Softway Systems Inc. has released Interix 2.2, a complete Unix system for
Windows NT that not only runs Unix and Linux applications, but enables
programmers and Web developers to run Internet-based applications on native
Unix while still based on a Windows NT machine.
It’s not an emulator, either. Interix is a separate subsystem that runs
under the Windows NT microkernel. It provides access to the usual 300+ Unix
commands and utilities, as well as multiple shells; languages such as perl,
Tcl, and C; X Windows (X11R6.3 server); and the OSF/Motif 1.2.4 window
manager and libraries.
More than that, it implements BSD sockets and
Berkeley networks services, including telnetd, inetd, and rlogind.
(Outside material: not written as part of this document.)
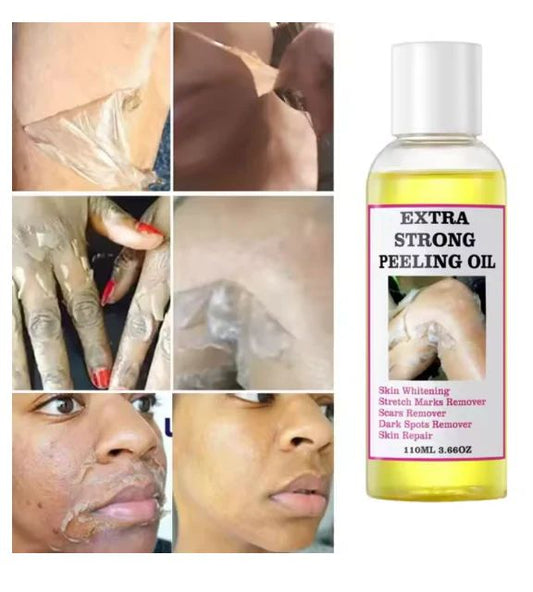 Peeling Oil (110ml) – Gentle Whitening & Skin Renewal Exfoliator - Infinitygallery.store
That
means that you can have multiple simultaneous user logins, with full
Internet-enabled access to applications via X Windows or the shell. That’s
pretty good, because under vanilla Windows NT there is no way to have
multiple users, other than shared network access with Microsoft Windows
Networking, or via dialin RAS. And Interix works with Windows NT security
and administration features.
The possibilities and implications for Interix are many. You can run
Windows NT as a server with full Microsoft capabilities, yet use Apache as
your main Web server…and do it all on relatively inexpensive PC hardware
— or use Digital Alpha-based workstation hardware if you want. You can
program, configure, and administrate Apache directly under Unix…remotely,
if you want. You can use the rich Unix command set to add functionality to
your Windows NT server. Best of all, you no longer have to choose between
Unix and Linux and Windows NT!
I saw an impressive demo where X Windows clients were running side-by-side
with Win32 applications, and images were pasted directly from X Windows
(running on Interix) into a Word document (running on NT). The response was
instantaneous, and not what people have come to expect from
“Unix-ported-to-something-else” systems. Even then, I wasn’t completely
satisfied until I saw the Windows NT task manager, which displayed the
facts that Interix not only wasn’t a memory hog, but wasn’t a CPU hog either!
Except for the fact that each Interix process shows up separately — and
you can run a lot of them — the memory and CPU requirements were extremely
minimal. I was told that Softway Systems runs their entire Web site on
Apache under Interix under Windows NT, serving hundreds of thousands of
hits per month easily on a small machine, and rarely reboots for any reason.